Joe’s dad was a huge baseball fan. The senior Mayer never actually played, but was instrumental in developing his son’s appreciation for the game. In a 1948 interview, sportswriter Jack Van Etten described Mayer as a “genial and handsome 21 year old.” In the story, Joe related how his dad “taught him the finer points of the game and kept after me.” Dad also taught him to abandon his natural right side and learn to hit left-handed.
Sunday afternoons were spent playing pepper with his father. Joe worked hard to strengthen his forearms by exercising with weights rolled around a broomstick handle. One of young Joe’s prized possessions was a book authored by former major leaguer Ethan Allen, which carefully detailed the nuances of the game. He learned to field by studying a picture sequence in the book; he also learned to slide by following similar instructions. The text covered all aspects of the game and essentially was the basis for his becoming a self-taught ballplayer.

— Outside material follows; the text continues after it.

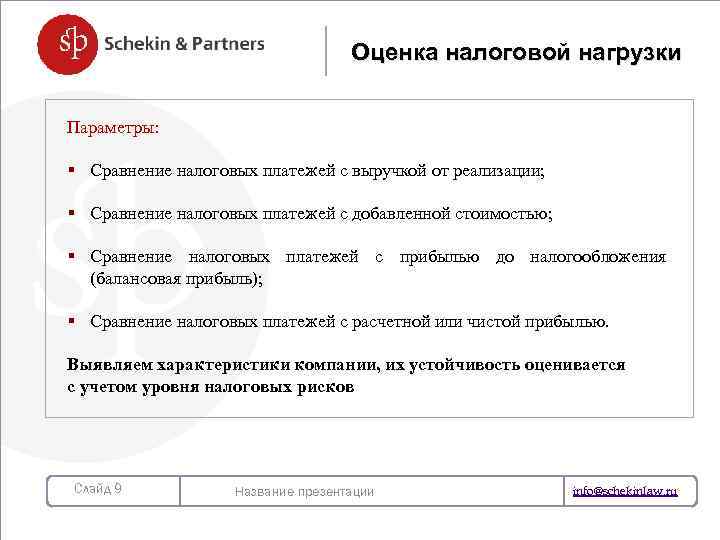 Оценка налоговой нагрузки Параметры: § Сравнение налоговых платежей с выручкой от реализации; НОВЫЙ ЗАКОН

As a young man, the two things Joe wanted most were a good education and the opportunity to play professional baseball. The farm fields in rural New Jersey were a rough surface for games; it wasn’t until high school that Joe actually played on a baseball diamond. A friend of his older sister Marie played high school ball. While playing catch in the yard one day, the schoolmate saw legitimate talent. He recommended Joe to Lakewood High coach Larry D’Zio for a tryout. Upon arriving at the practice field, Joe learned the team needed a shortstop, so he told the coach that was his position. Grounder after grounder hit in Joe’s direction was fielded flawlessly; he made the team and ultimately achieved All-State shortstop status in 1945.
While still in high school, Joe was invited to try out with the Brooklyn Dodgers. It was exciting for the teenager to be at Ebbets Field with manager Leo Durocher and the rest of the Dodgers. Playing catch with coach Clyde Sukeforth, Joe recalls hearing a booming noise in the background. He learned the rhythmic sound was a fastball hitting leather. The strong-armed young pitcher warming up was Rex Barney – whose fastball would one day produce a no-hitter for the Dodgers.
After graduating from high school with honors, Joe enlisted in the Navy, where he served 13 months in the Pacific toward the end of World War II. He primarily played softball in Manila and was part of a championship team in Okinawa. Discharged in August 1946, Joe played on a local American Legion team in New Jersey, managed by Harold Schank, who was impressed enough to send Rutgers University coach Chuck Ward to see the prospect. Herb Pennock and Hans Lobert of the Phillies later scouted Mayer and Joe subsequently signed a $3,000 bonus contract with Philadelphia.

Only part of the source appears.